I'm brewing a Wheat PA with 9 lbs of pale and 4 lbs wheat. I'm starting with Distilled and building up to Ca 111, Mg 18, Na 38, Cl 34, SO4 348, RA -58. EZ water says my my pH will be 5.76. If I adjust with 4 ml Lactic to get to 5.5, the RA goes to -322. Should I worry about this?

Why is your sulfate so high? That's really high. I know a couple of people go with 350 ppm with IPAs, but that's not to my taste at all. I'd probably go with 100 ppm of sulfate. The NA is a bit high for my taste as well but that's because I"d use calcium chloride and not sodium chloride. I'd use calcium sulfate and not magnesium sulfate for the sulfate. So my numbers would look different, but yours aren't out of line if you like beers with that much sulfate.

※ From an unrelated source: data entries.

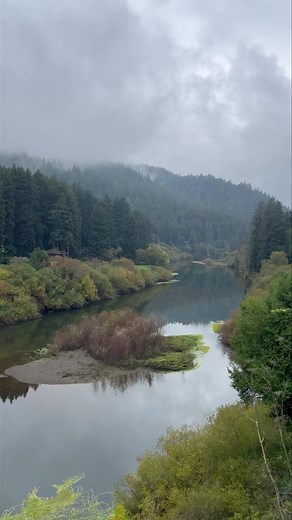 28K views · 857 reactions | Out of the rivers mist | Russian River Living | Facebook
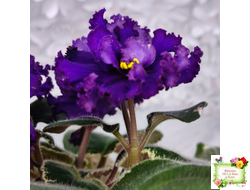 РМ-Черный Оникс (Н. Скорнякова) 2023 г.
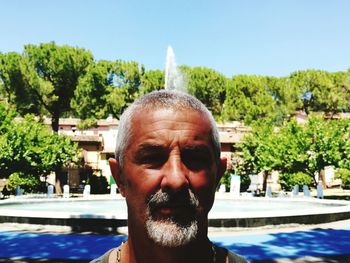 Man in swimming pool against trees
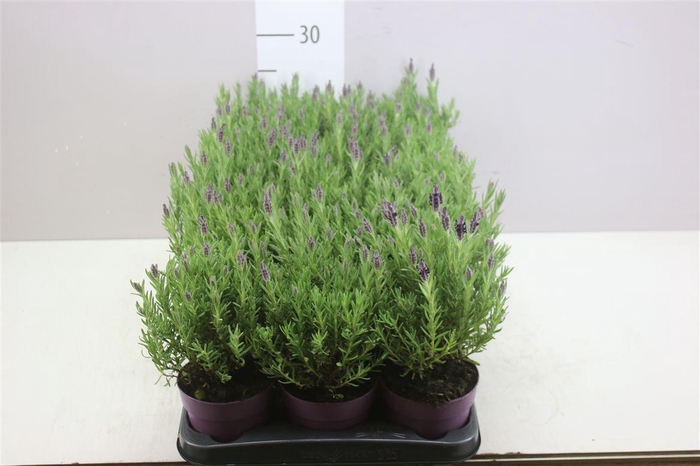 <h4>Lavandula Stoechas Anouk</h4>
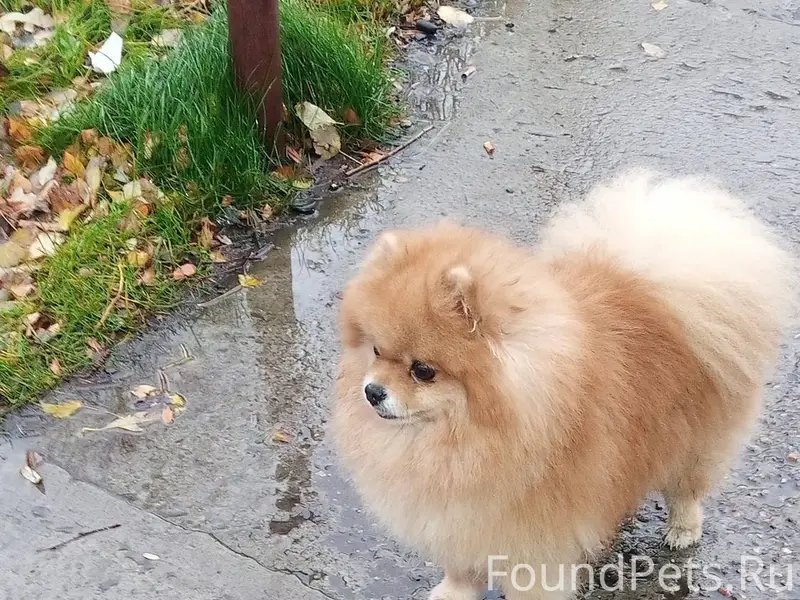 В районе фонтана на монче поте...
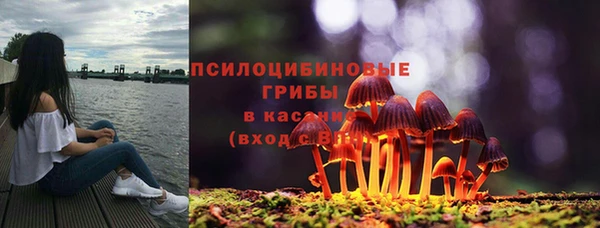 индика Богородицк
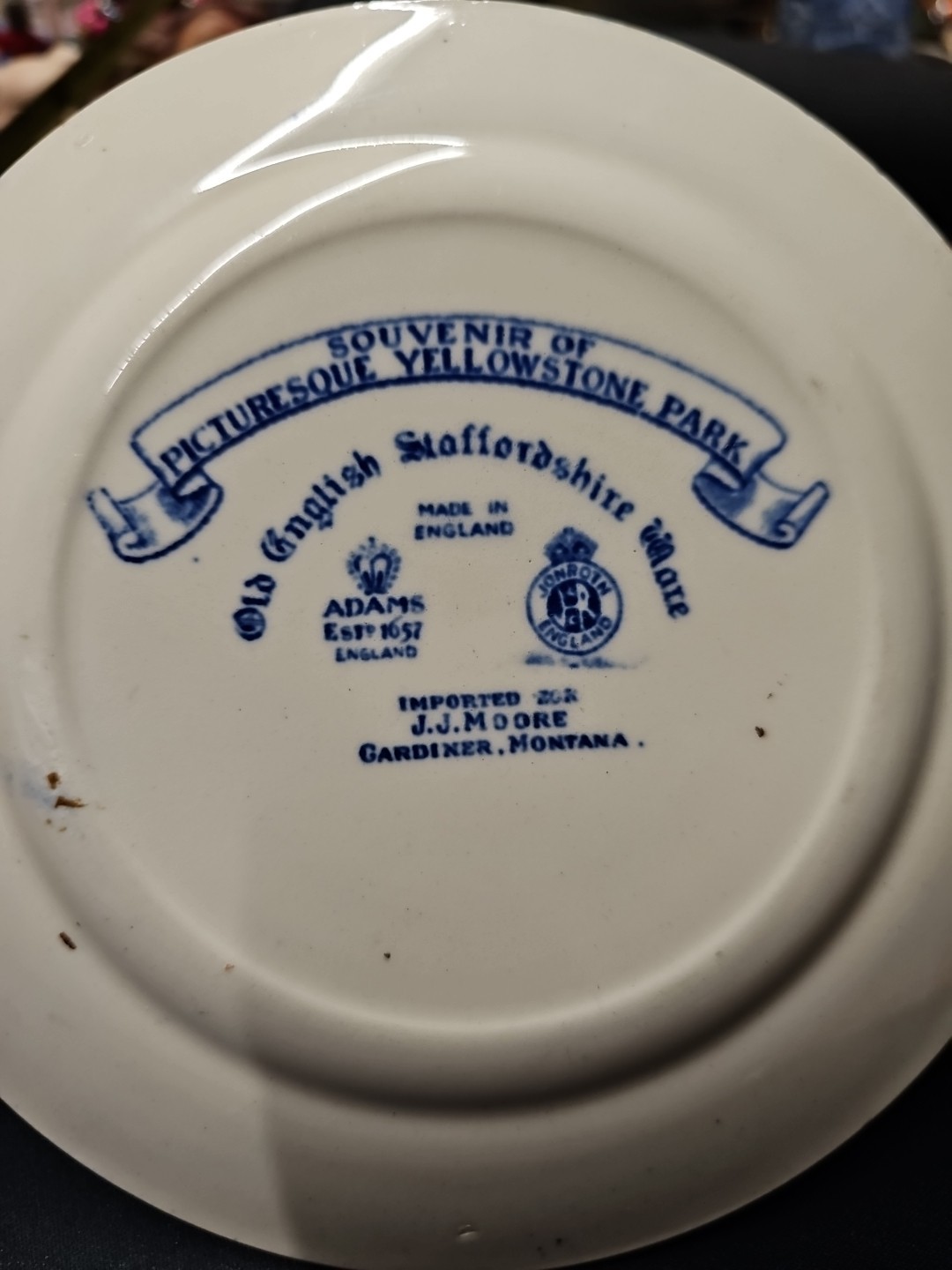 Old Faithful Geyser Blue & White Plate Old English Staffordshire ware Souvenir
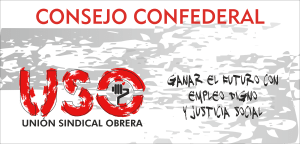 cartel consejo confederal 2014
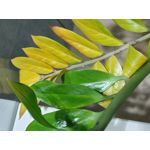 Zdjęcia użytkowników LG Wing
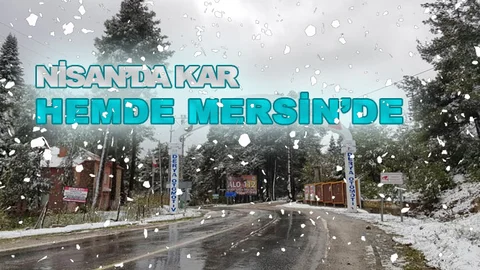 Bu Kar Fotoğrafları Bugün (Cumartesi Günü) Çekildi, Hem de Kar Henüz Yağmış İken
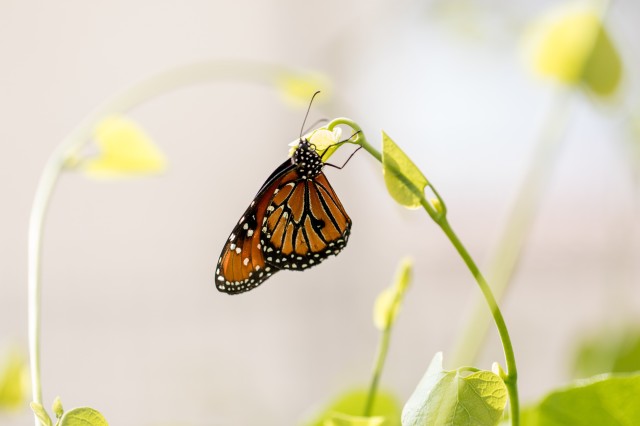 Orange and black butterfly hanging from a green stemmed and yellow flower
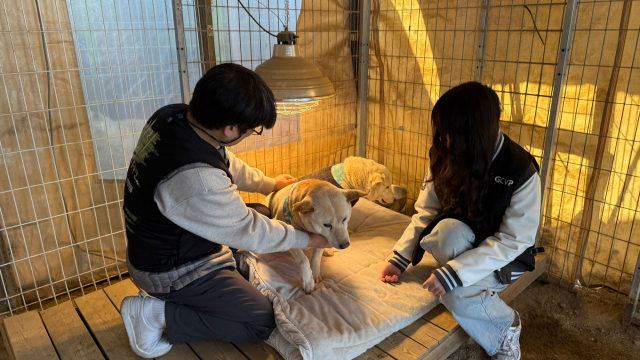데피니트 투약을 마친 뒤 보호견의 상태를 살피며 안정을 돕고 있다. 왼쪽부터 청주 수동물병원 전귀호 원장, 차율하 학생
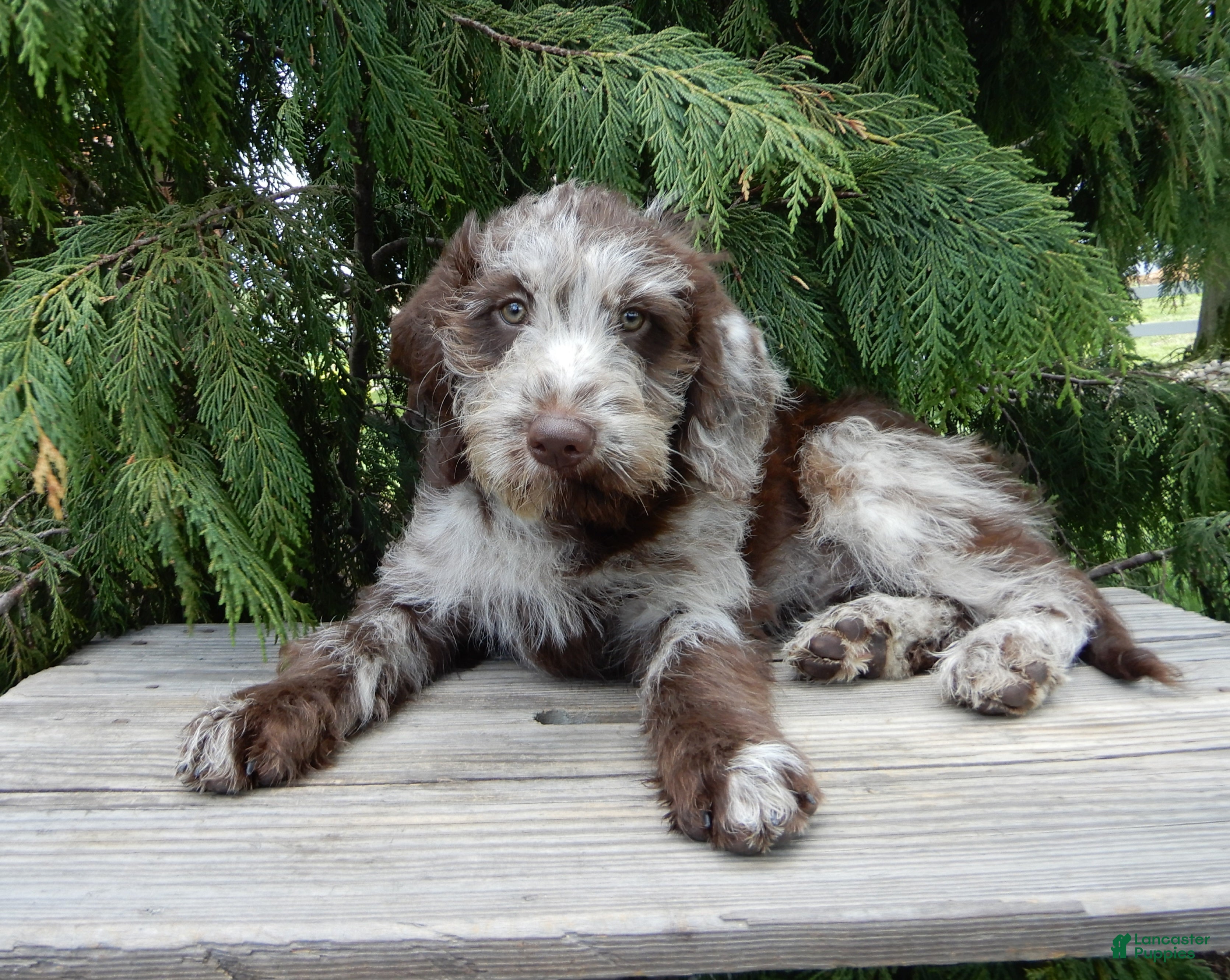 Labradoodle dogs Sweetie - Ad 20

RA doesn't matter, but mash pH does.
 
I don't exceed 300 ppm with sulfate in my hoppy beers, but to each his own!

I'm surprised that EZ is indicating almost 5.8 with that grist. I'm estimating right around 5.4 if the RA was brought down to -58. But the bottom line is that RA is not a target. Only pH is a target. If you believe EZ, add the acid needed to reach the targeted mash pH.

Bru'n Water seems to suggest you don't need the acid if you are hardening the water as much as you are proposing. If you back off the hardening, you may need to add a little acid to bring the pH down.